**The problem:**
In the data below, one line contains "Gift for All" and a later one contains "Double Piercing Chain Dangle Earrings". Print both, with every line between them, exactly and alone.

===== Exercise data =====

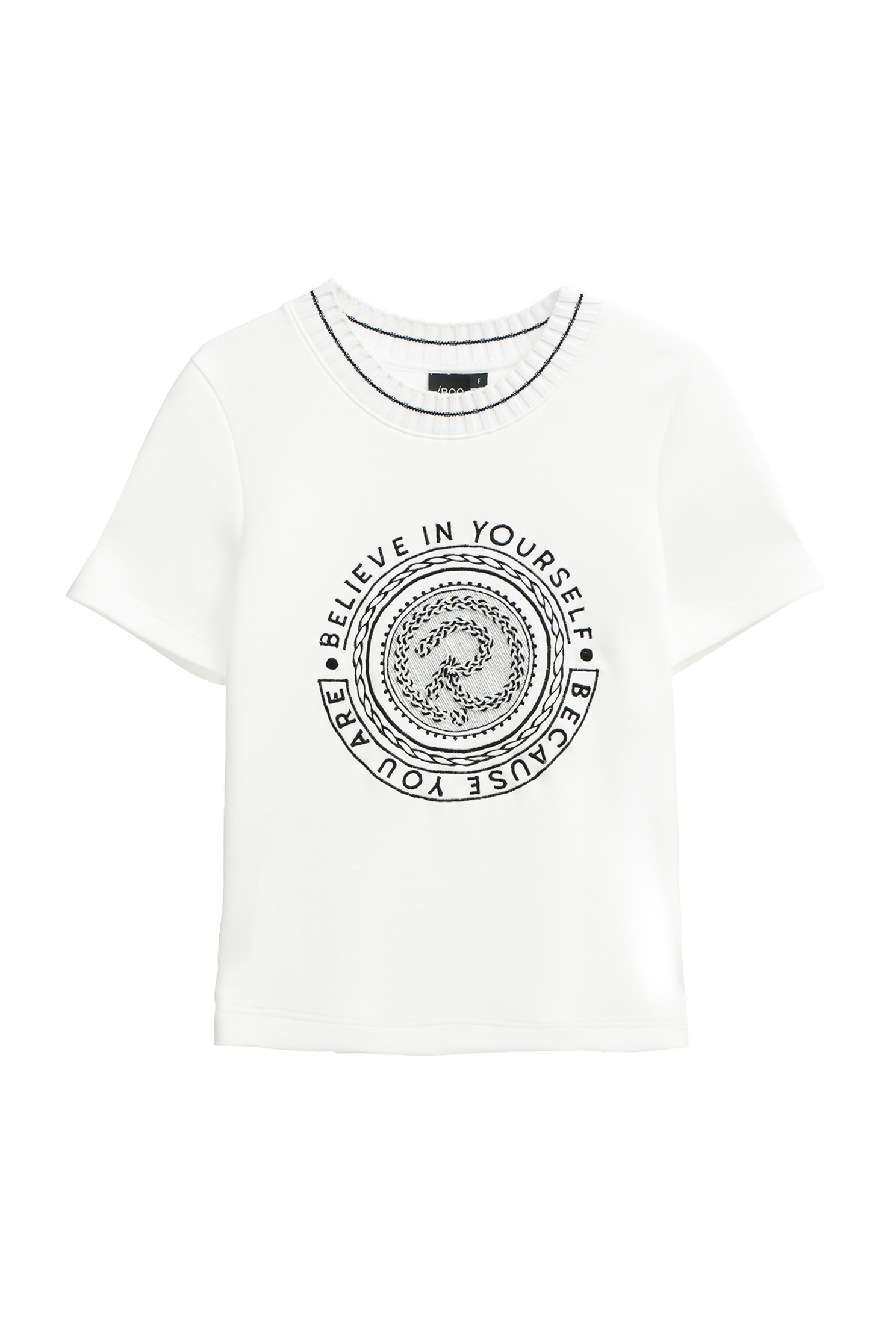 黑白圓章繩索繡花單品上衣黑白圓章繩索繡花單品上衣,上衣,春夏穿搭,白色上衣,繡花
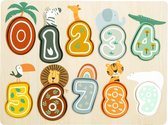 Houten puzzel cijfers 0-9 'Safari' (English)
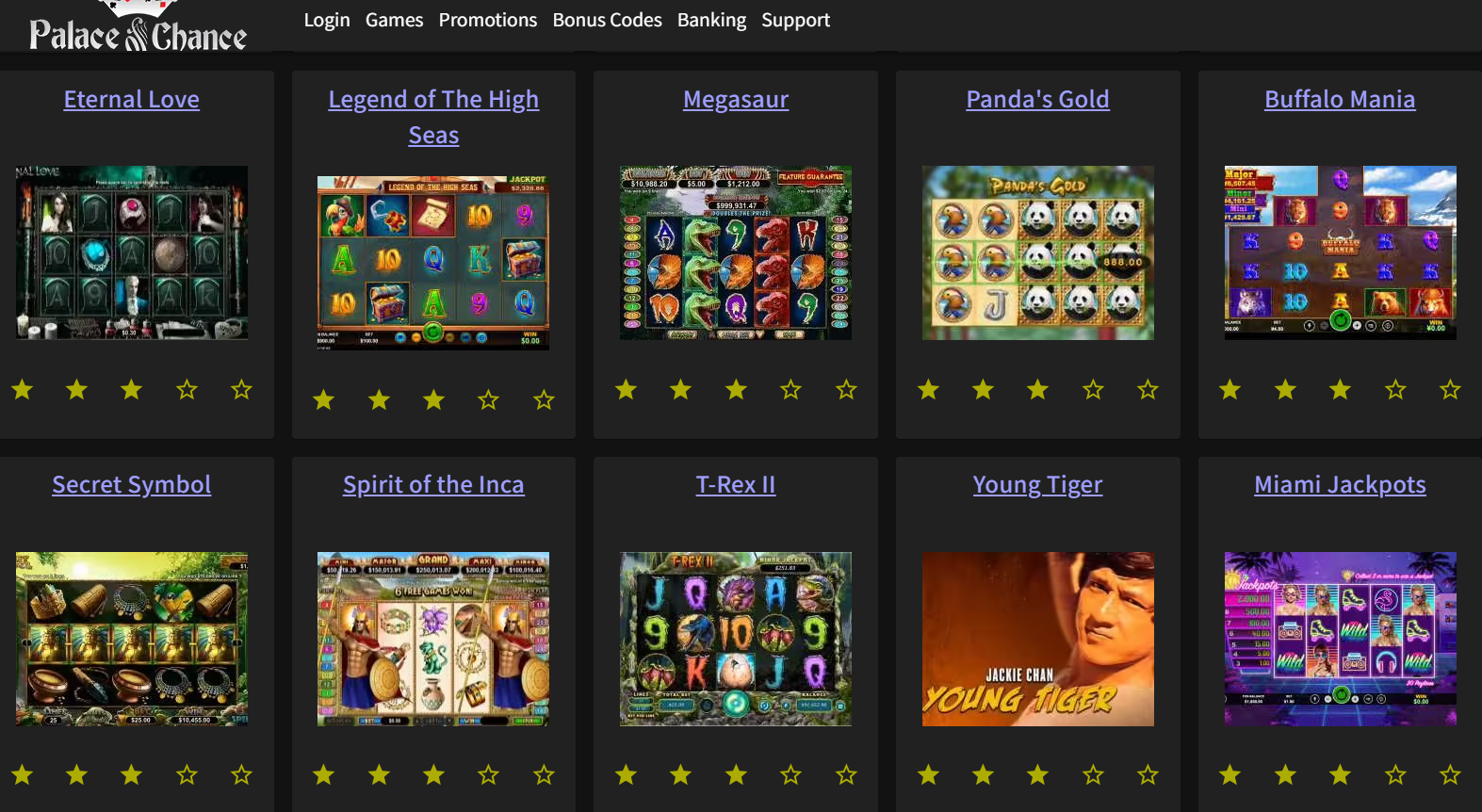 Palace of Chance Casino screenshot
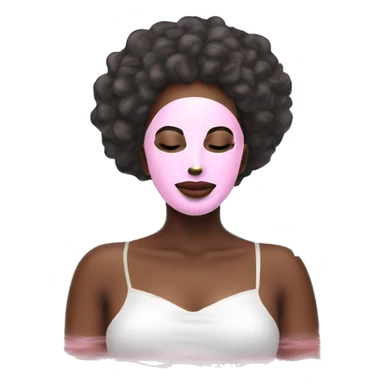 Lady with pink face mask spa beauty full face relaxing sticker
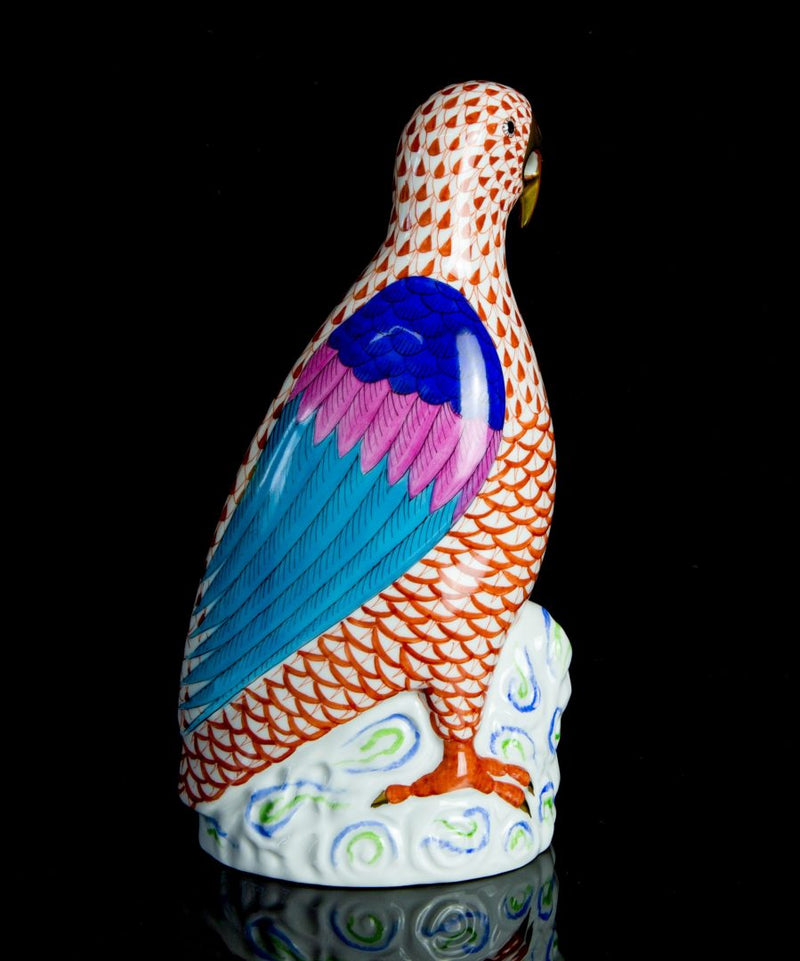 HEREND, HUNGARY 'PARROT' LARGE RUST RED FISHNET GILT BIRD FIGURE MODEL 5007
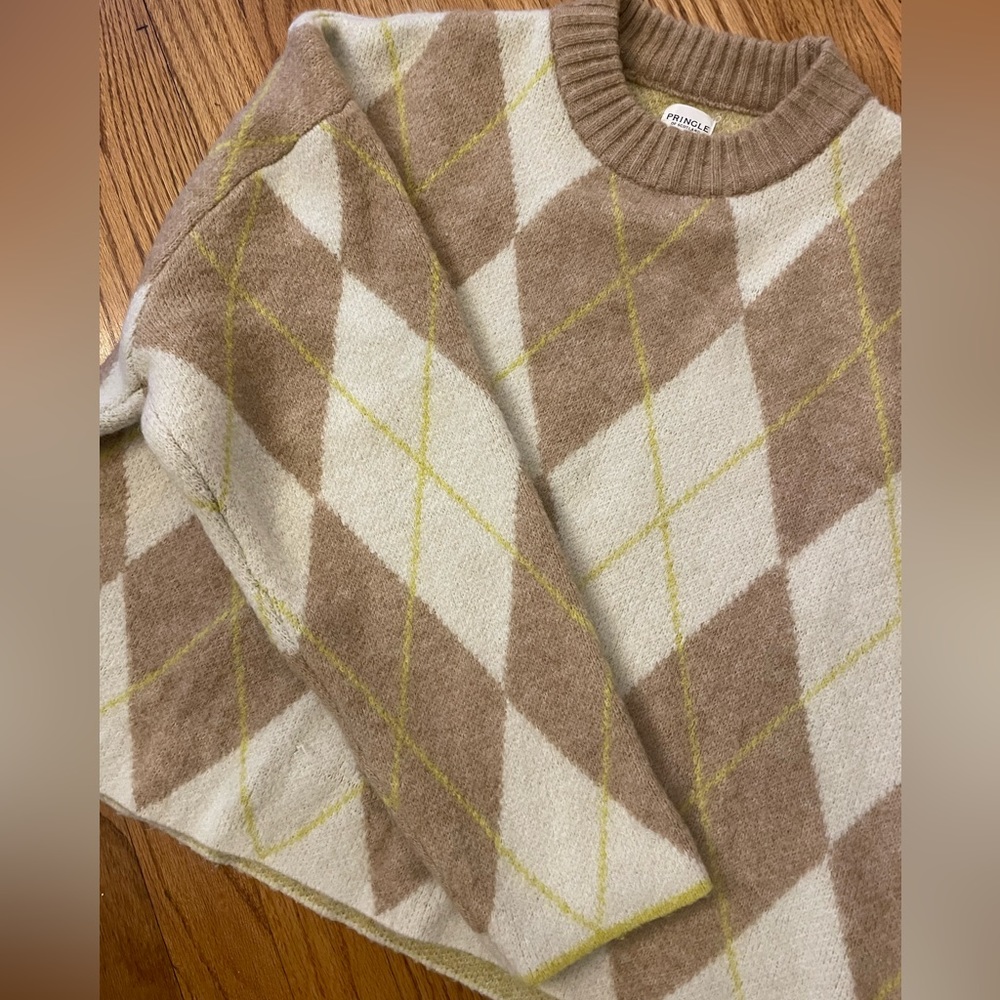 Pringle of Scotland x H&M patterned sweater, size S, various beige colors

=====
===== Exercise data =====

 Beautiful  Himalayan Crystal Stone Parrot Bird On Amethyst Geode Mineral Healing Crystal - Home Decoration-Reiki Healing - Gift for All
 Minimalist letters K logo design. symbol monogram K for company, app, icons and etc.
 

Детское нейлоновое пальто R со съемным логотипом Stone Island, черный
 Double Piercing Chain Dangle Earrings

=====
===== Exercise data =====

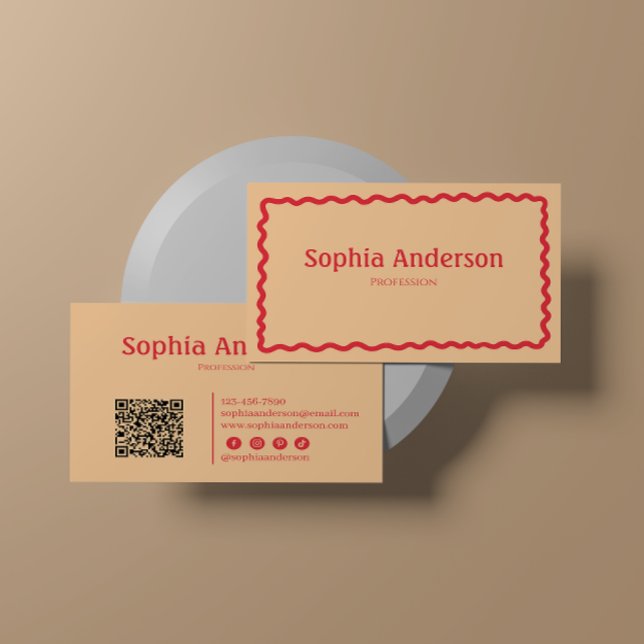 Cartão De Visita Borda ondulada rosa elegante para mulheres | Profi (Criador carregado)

=====

**Written response:**
 Beautiful  Himalayan Crystal Stone Parrot Bird On Amethyst Geode Mineral Healing Crystal - Home Decoration-Reiki Healing - Gift for All
 Minimalist letters K logo design. symbol monogram K for company, app, icons and etc.
 

Детское нейлоновое пальто R со съемным логотипом Stone Island, черный
 Double Piercing Chain Dangle Earrings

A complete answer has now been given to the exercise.